Lisa Shearin in ‘Bewitched and Betrayed’ said “It’s not treason if you win” and this rings very true to South African traitors from the past and now the present.  How history repeating itself in South Africa can be ironic at the best of times, the country’s ethnic diversity will always ensure that one community’s freedom fighter is another community’s terrorist.

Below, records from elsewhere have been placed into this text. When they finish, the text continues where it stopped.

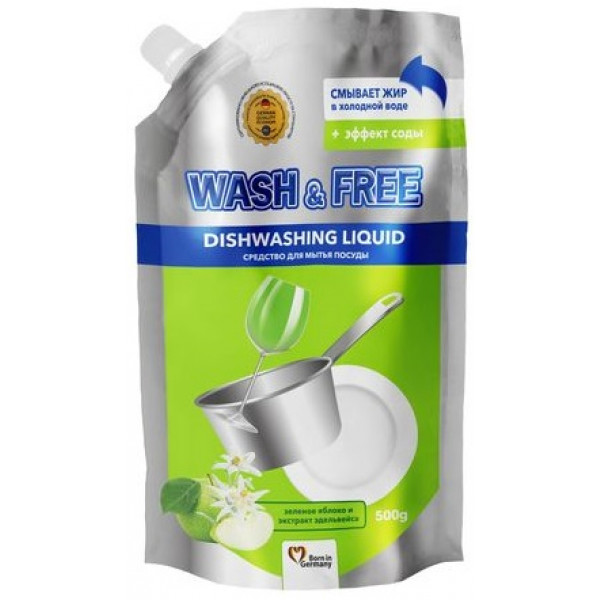 Фото - Засіб для ручного миття посуду WASH & FREE Зелене яблуко та екстракт едельвейса (doypack) 500г Фото - Засіб для ручного миття посуду WASH & FREE Зелене яблуко та екстракт едельвейса (doypack) 500г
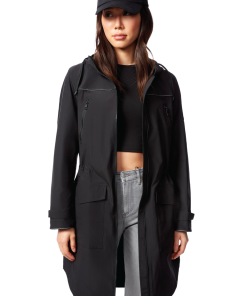 KUSAWA | WOMEN'S DRAWSTRING RAINCOAT, BLACK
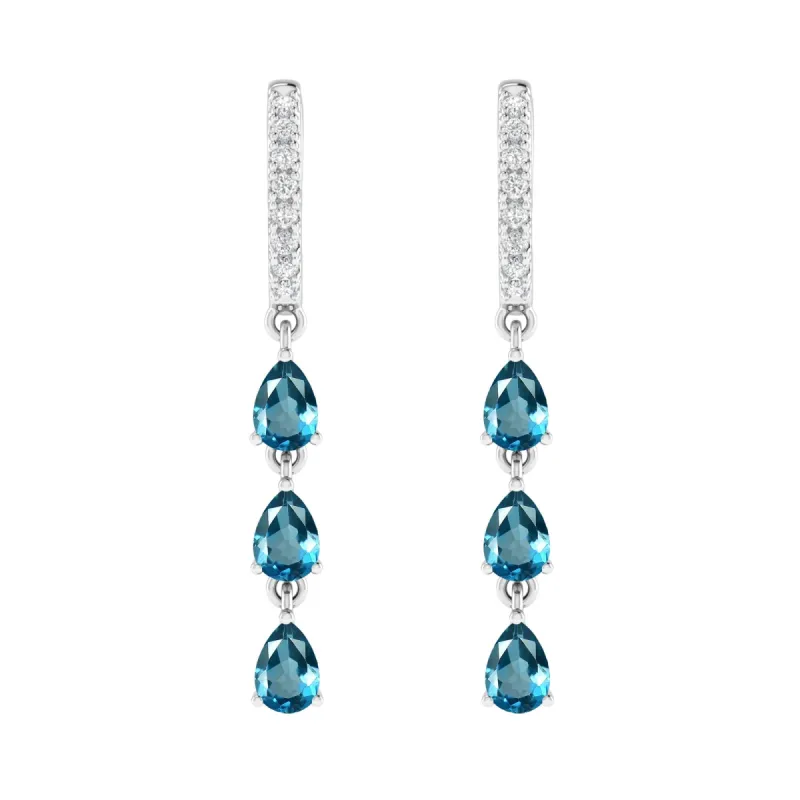 Sterling Silver with Natural London Blue Topaz and White Topaz Dangle Earrings sold by Zulily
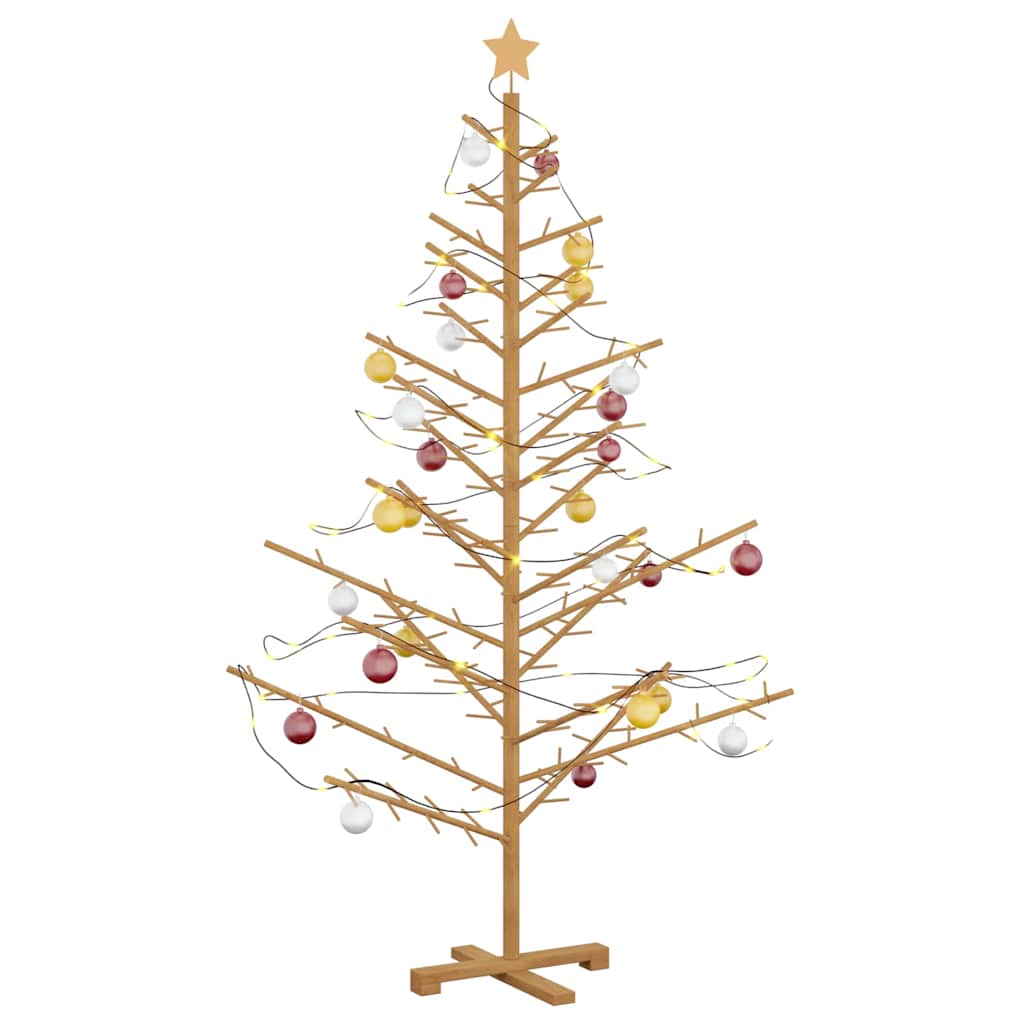 Albero di Natale in legno con supporto Marrone 180 cm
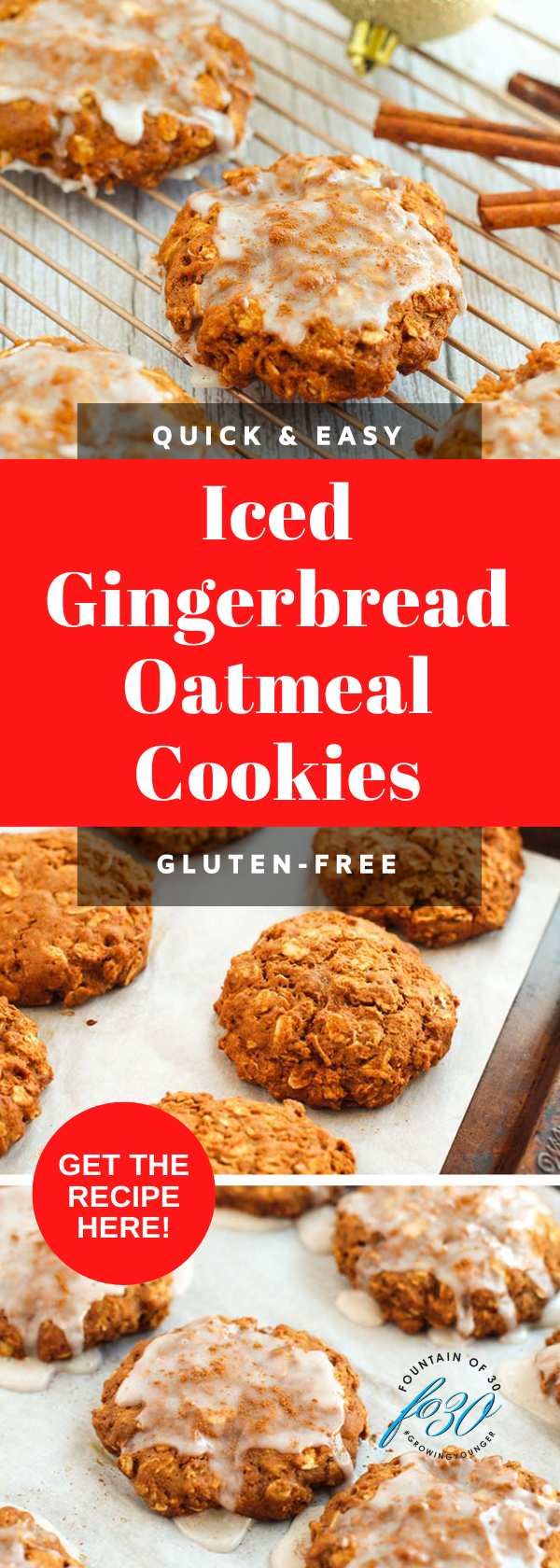 Quick and Easy Iced Gingerbread Oatmeal Cookies fountainof30
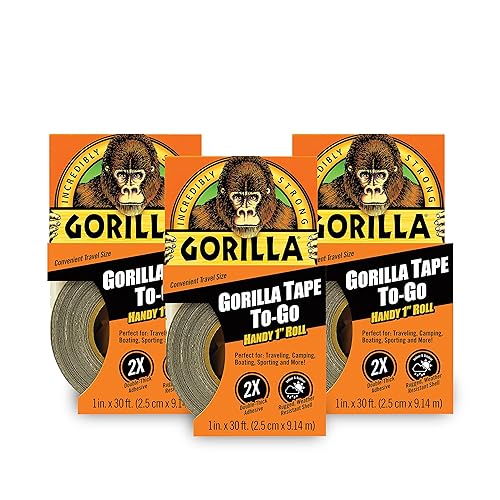 GORILLA MINI DUCT TAPE 1 X 10 YD BLACK TRAVEL SIZE PACK OF 3 DURABLE STRONG ADHESIVE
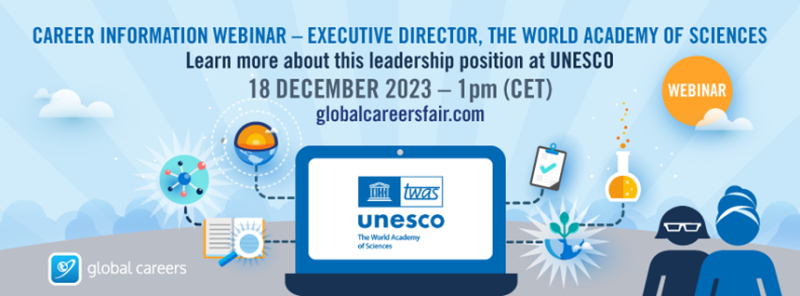 Global Careers UNESCO webinar for TWAS Executive Director. 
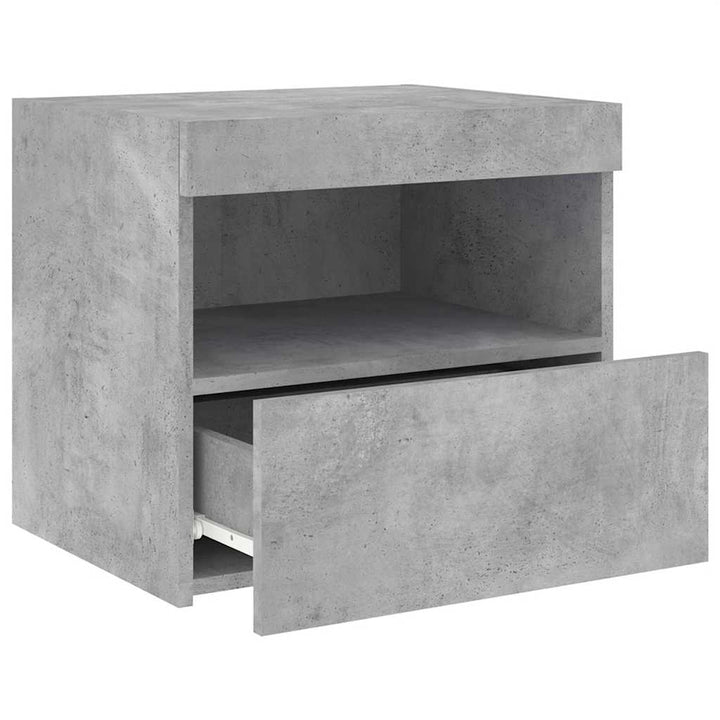 sengebord med LED-lys 50x40x45 cm betongrå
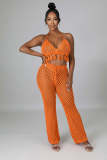 Women's Cutout See-Through Two-Piece Beach Style Fishnet Tassel Wide Leg Sexy Two Piece Pants Set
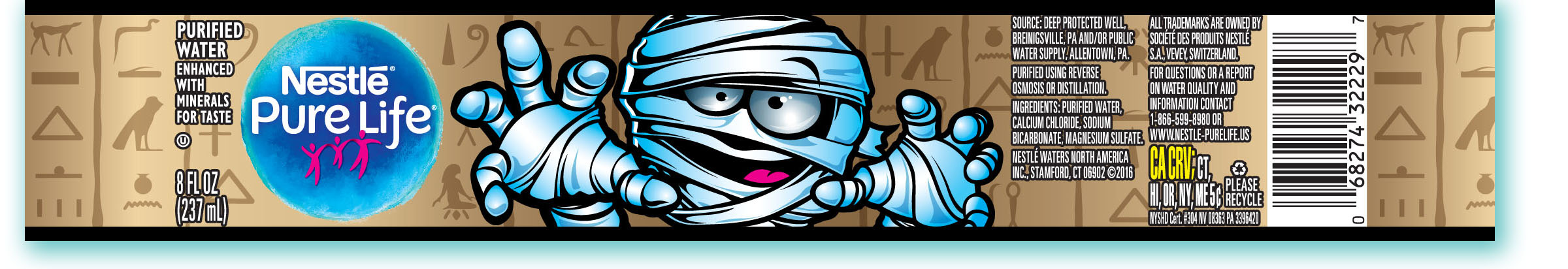 Nestle, water, bottle, Halloween, monsters, Mummy, cartoon, comic, cute, kids, scary, fun, funny, art, social media, Ted, Johnston, Creative, Studios, creative, director, illustration, illustrator, artist, advertising, marketing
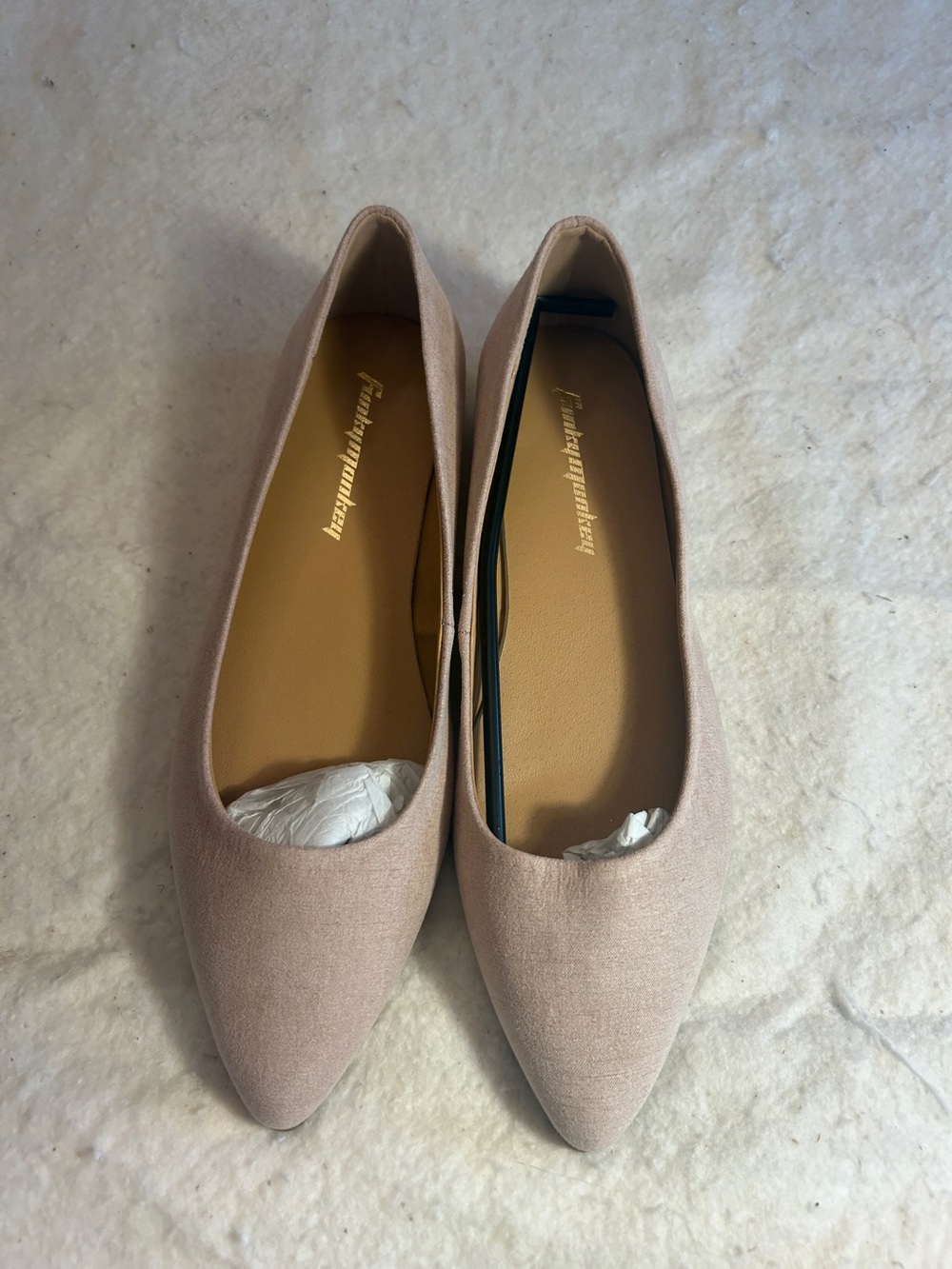 Women's Pointed Toe Ballet Flats Nude, suede
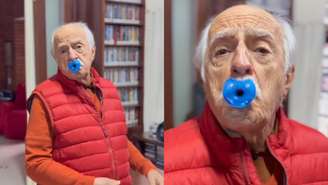 Ary Fontoura surgiu chupando chupeta nas redes sociais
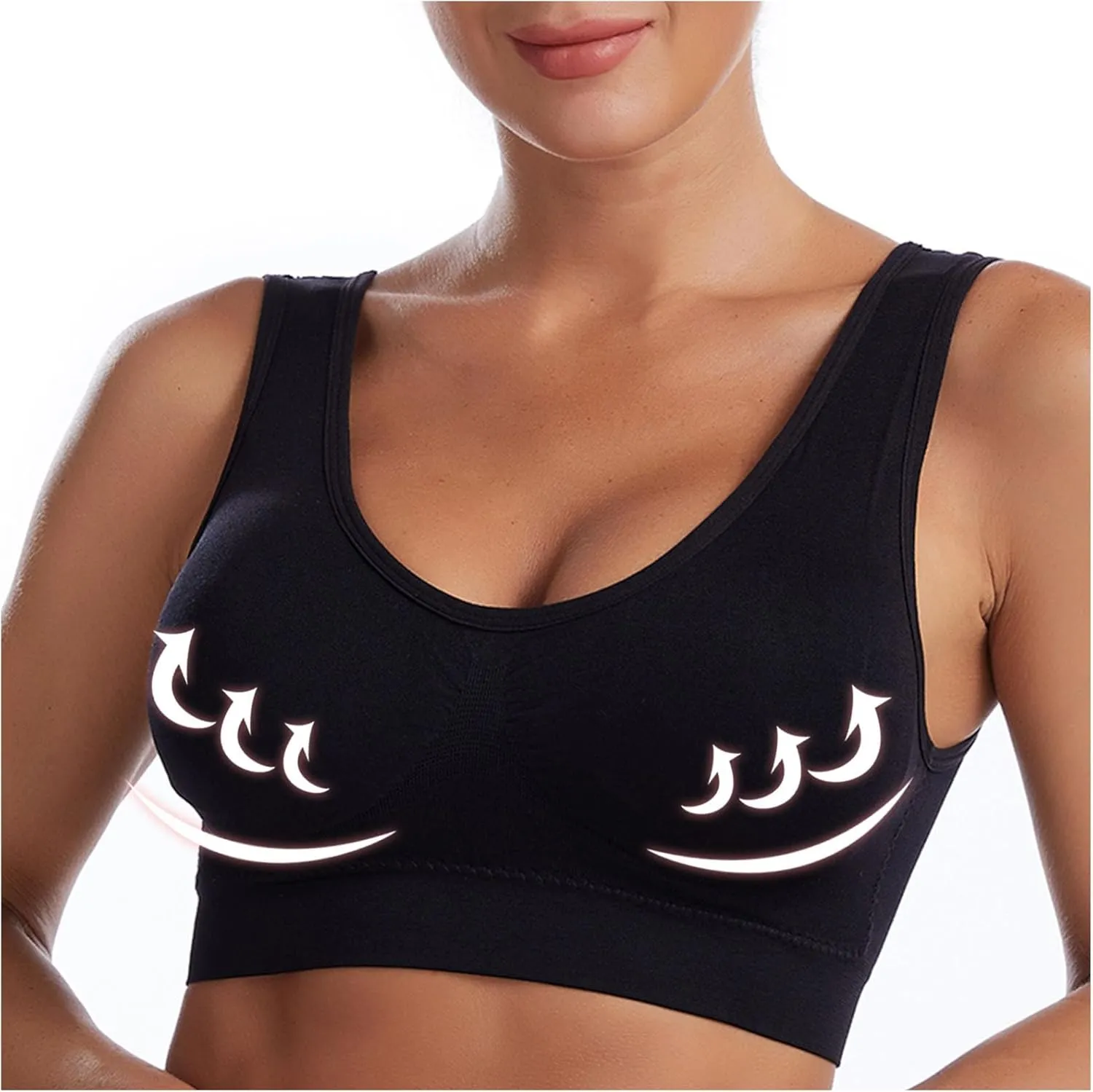 5 Pack Sports Bras for Women Seamless Wireless Workout Everyday Sleep Bra Comfortable & Breathable Removeable Pads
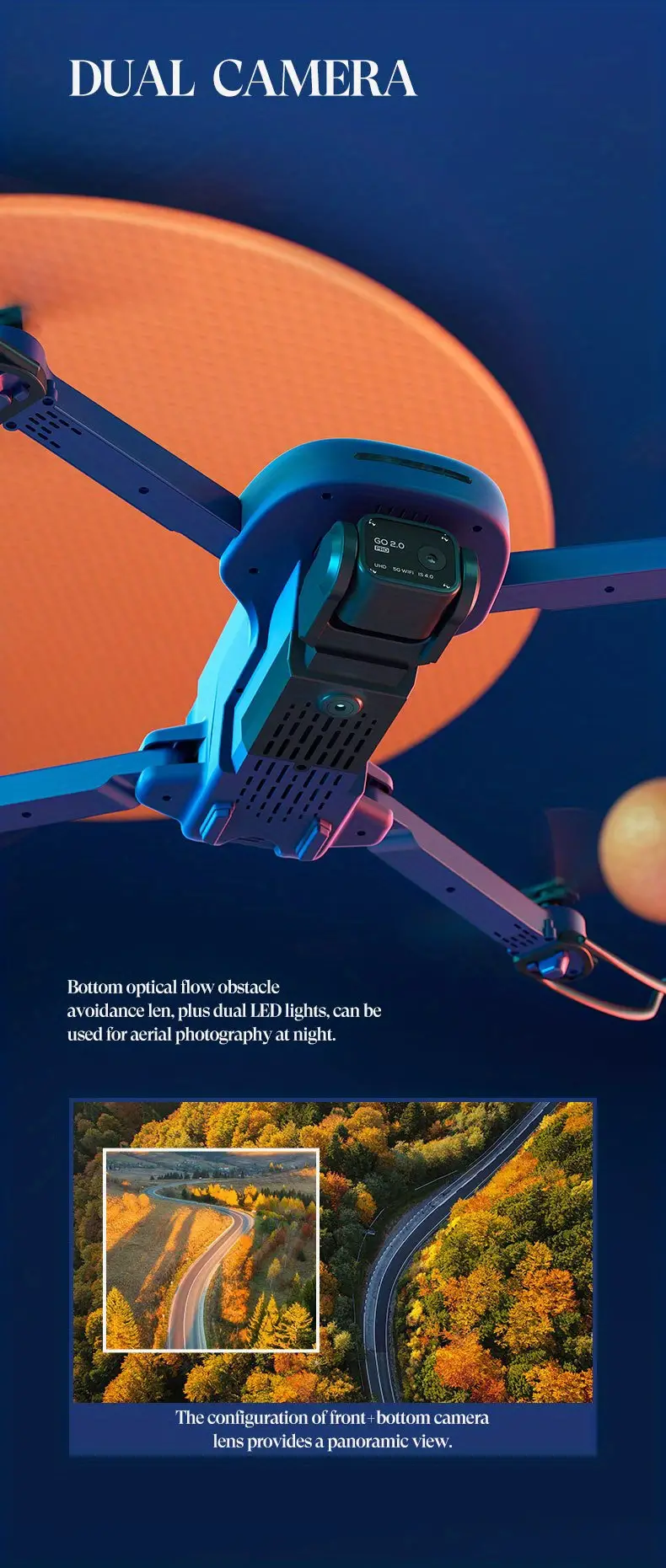drone with eic camera laser obstacle avoidance headless mode optical flow positioning one key return smart follow 5g real time image transmission gesture photography details 6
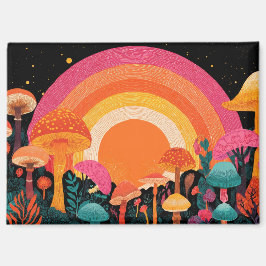 Imã Psychedelic Mushroom Sunset – Retro Fantasy Nature
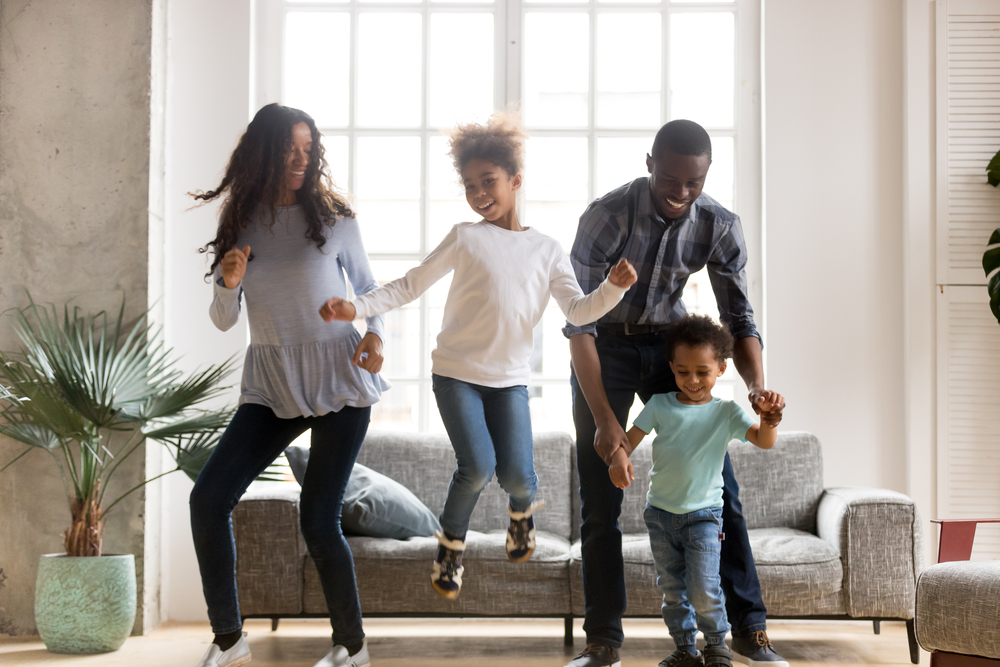 Family having a dance party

This was as true of the Afrikaner Nationalists during the Second World War, as much as it was true to the African Nationalists during the political and armed “struggle” in the more recent past. Both produced ‘traitors’, both had leaders incarcerated, both went on to ultimately govern South Africa and both produced Presidents who were themselves imprisoned as “traitors to the state”. Ironically – both went on to pardon their fellow activists and make heroes of them.  The issue of ‘treachery’ set aside by the ‘winner’.

Robey Leibbrandt

This is the story of one such South African national – Sidney Robey Leibbrandt, who was led by the German military intelligence (Abwehr) during the Second World War under the pseudonym ‘Robert Leibbrand’.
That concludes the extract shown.